Crawled caption data

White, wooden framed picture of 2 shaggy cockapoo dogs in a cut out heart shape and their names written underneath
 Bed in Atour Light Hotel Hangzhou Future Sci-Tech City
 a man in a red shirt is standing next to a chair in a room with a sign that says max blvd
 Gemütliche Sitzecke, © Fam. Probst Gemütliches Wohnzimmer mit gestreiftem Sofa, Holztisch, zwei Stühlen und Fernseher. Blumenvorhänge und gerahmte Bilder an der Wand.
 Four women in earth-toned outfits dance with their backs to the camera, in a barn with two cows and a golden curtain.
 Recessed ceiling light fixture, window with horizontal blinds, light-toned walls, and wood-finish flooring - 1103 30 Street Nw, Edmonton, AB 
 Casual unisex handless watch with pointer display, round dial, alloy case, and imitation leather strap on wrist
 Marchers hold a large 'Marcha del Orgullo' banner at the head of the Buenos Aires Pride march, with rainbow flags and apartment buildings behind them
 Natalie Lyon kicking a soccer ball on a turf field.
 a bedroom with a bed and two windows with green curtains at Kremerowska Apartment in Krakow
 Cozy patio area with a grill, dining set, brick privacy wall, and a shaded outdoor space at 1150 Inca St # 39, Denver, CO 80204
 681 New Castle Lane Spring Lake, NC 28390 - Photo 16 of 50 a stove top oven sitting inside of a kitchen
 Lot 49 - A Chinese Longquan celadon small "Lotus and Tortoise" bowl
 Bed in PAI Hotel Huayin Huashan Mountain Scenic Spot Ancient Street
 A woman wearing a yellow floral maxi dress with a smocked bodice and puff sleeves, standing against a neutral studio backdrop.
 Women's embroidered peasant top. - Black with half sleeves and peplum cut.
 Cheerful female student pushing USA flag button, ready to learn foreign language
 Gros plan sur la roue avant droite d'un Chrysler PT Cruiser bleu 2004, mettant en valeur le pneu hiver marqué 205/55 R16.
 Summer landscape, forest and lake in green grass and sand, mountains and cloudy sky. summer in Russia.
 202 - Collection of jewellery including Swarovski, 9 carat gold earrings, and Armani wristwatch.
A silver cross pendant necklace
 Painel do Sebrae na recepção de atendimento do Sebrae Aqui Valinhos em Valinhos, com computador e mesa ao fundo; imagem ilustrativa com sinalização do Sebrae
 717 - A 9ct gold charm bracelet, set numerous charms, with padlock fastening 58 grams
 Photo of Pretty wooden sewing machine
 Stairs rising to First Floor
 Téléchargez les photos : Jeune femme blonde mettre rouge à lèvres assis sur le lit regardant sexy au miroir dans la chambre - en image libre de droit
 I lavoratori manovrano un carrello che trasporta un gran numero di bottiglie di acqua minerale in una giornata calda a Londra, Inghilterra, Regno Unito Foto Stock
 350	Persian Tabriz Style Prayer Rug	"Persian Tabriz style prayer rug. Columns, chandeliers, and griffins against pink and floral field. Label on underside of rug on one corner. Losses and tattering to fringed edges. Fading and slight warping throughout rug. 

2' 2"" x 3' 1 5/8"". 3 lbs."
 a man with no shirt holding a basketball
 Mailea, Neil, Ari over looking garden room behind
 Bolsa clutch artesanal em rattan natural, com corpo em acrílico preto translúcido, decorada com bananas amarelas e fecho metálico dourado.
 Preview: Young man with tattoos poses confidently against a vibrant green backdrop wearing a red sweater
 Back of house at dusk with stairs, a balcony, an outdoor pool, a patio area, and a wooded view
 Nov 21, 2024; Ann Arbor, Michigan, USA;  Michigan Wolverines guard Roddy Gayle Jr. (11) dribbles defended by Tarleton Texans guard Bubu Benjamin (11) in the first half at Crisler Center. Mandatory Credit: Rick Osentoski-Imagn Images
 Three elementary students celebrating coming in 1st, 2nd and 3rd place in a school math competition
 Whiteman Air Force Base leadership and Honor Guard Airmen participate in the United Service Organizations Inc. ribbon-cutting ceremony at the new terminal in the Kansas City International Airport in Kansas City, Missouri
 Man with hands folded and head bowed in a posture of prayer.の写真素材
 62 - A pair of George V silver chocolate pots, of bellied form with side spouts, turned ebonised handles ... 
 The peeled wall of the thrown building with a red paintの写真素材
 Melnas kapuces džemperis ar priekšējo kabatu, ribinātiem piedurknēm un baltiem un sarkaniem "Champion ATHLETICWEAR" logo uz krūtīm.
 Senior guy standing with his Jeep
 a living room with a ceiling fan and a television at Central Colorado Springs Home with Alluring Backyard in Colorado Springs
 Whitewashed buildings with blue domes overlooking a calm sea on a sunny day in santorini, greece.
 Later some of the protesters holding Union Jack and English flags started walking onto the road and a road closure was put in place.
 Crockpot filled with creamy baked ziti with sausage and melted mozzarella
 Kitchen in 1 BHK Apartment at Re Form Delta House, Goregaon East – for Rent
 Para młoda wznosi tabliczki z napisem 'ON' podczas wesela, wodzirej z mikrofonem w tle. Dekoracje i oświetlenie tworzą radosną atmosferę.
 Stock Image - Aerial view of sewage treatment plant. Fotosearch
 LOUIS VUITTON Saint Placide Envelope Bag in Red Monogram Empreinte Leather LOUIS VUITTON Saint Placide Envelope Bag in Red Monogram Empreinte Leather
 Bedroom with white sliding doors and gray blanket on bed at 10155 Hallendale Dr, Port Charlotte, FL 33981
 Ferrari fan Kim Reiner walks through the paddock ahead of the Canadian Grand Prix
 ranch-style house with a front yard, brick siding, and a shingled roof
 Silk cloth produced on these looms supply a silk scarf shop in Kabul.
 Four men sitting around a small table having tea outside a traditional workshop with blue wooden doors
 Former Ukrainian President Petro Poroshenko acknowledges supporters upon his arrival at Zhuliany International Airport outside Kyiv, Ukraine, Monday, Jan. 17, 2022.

▶ [Aim of the task]: Determine the number of lines in the entries that contain "toned", then write that number alone.

▶ [Task result]: 2